Screening

Adverse Action Notices: What WA Rental Owners Must Send

Washington requires a written adverse action notice for any rental denial or conditional approval. RCW 59.18.257 format, FCRA rules, penalties, workflow.


An adverse action notice for a rental is a written notice Washington landlords must send whenever they reject an application or approve it with conditions, such as a higher deposit, a qualified guarantor, last month's rent, or increased monthly rent. RCW 59.18.257 dictates the format, including a checkbox list of reasons and the screening company's name, address, and phone number when a consumer report contributed to the decision. Federal FCRA rights, including a free copy of the report and the right to dispute errors, layer on top.

Most owners think of adverse action as a denial letter. Washington law defines it much more broadly, and the notice requirement is one of the most commonly missed steps in tenant screening in Washington State. This guide walks through what triggers the duty, exactly what the notice must say, the federal layer, and a workflow that keeps every decision documented.

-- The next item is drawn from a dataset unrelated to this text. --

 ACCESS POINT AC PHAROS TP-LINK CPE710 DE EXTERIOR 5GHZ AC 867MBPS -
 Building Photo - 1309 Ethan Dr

What Counts as Adverse Action on a Rental Application

Under RCW 59.18.257, adverse action is not limited to outright rejection. The statute's own notice form lists the decisions that trigger the duty, and four of them are conditional approvals:

  • Rejected. The application is denied.
  • Approved with an increased deposit. You will rent to the applicant, but only with a larger security deposit than your standard terms.
  • Approved with a qualified guarantor. Residency requires a co-signer or guarantor.
  • Approved requiring last month's rent. You are asking for last month's rent up front when you normally would not.
  • Approved at an increased monthly rent. The applicant qualifies only at a higher rent than advertised.

In other words, "yes, but" is adverse action. If the applicant gets anything less favorable than your standard advertised terms because of what screening turned up, a written notice is required. The form also includes an "Other" line for conditions that do not fit the named categories.

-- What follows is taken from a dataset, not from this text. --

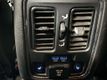 2014 Jeep Grand Cherokee 4WD 4dr Summit - 23029187 - 22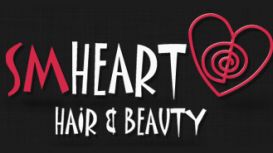 Smheart Hair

What a Washington Adverse Action Notice for a Rental Must Include

RCW 59.18.257(1)(c) requires a written notice that states the reasons for the adverse action, in a format substantially similar to the statutory form. That form has two parts.

Part one: the decision. Checkboxes for rejected, or approved with conditions (increased deposit, qualified guarantor, last month's rent, increased monthly rent with the dollar amount, or other).

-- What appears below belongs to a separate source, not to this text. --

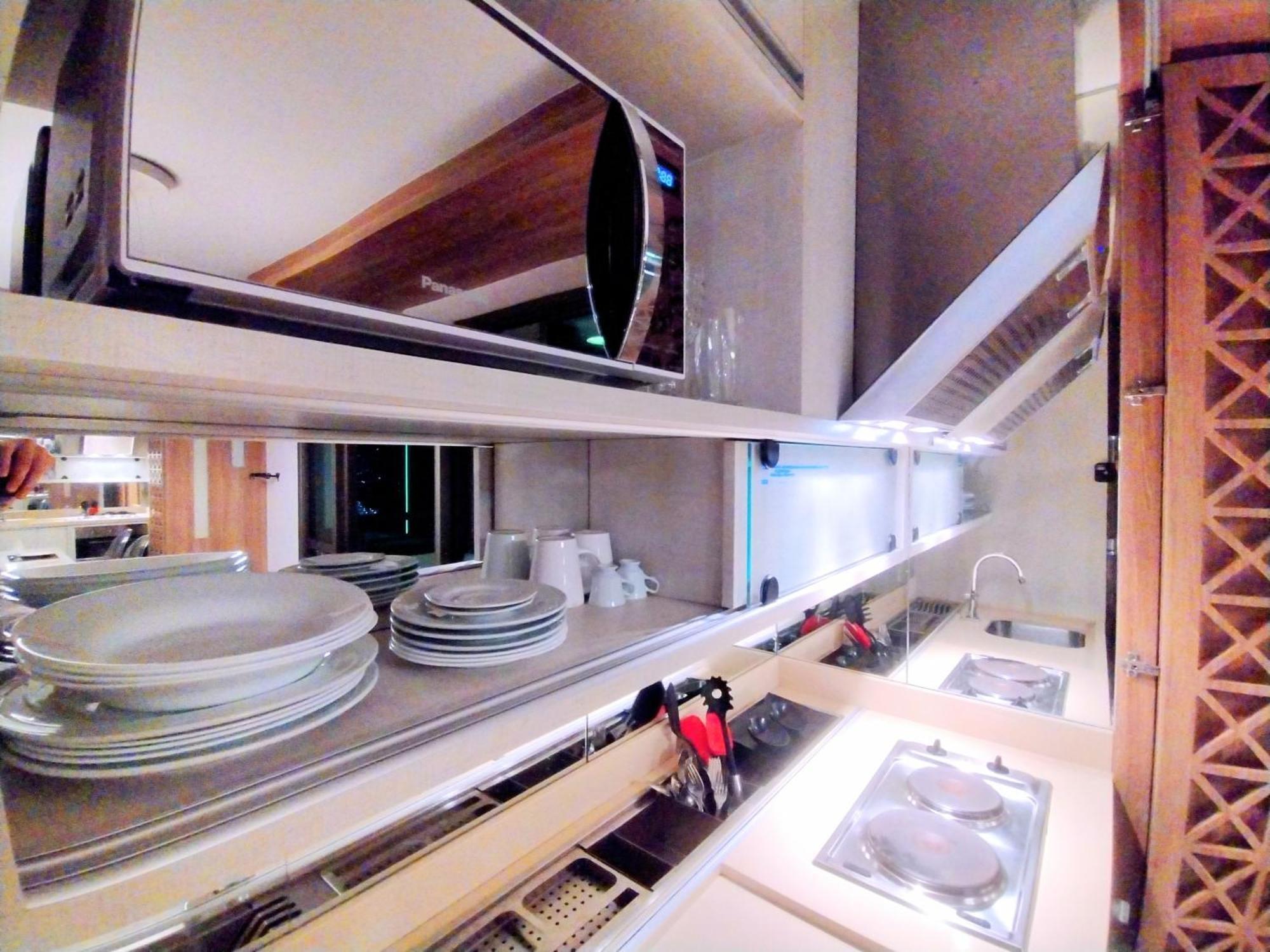 Khách sạn Granestanconfor Veranda Berrini São Paulo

Part two: the grounds. Checkboxes identifying what the decision was based on:

  • Information contained in a consumer report
  • A consumer credit report that did not contain sufficient information
  • Information received from previous rental history or a reference
  • Information received in a criminal record
  • Information received in a civil record
  • Information received from an employment verification

If a consumer report contributed to the decision, the notice must include the name, address, and phone number of the consumer reporting agency that furnished it. The form is dated and signed by the agent or owner. The statute also notes that additional information may be required under chapter 19.182 RCW, Washington's own fair credit reporting law.

A Seattle Caution on the Grounds List

Seattle's Fair Chance Housing Ordinance (SMC 14.09) sharply limits the use of criminal history in screening, so the "criminal record" basis is largely unavailable for Seattle properties. Verify current Seattle rules before relying on the criminal-record ground there.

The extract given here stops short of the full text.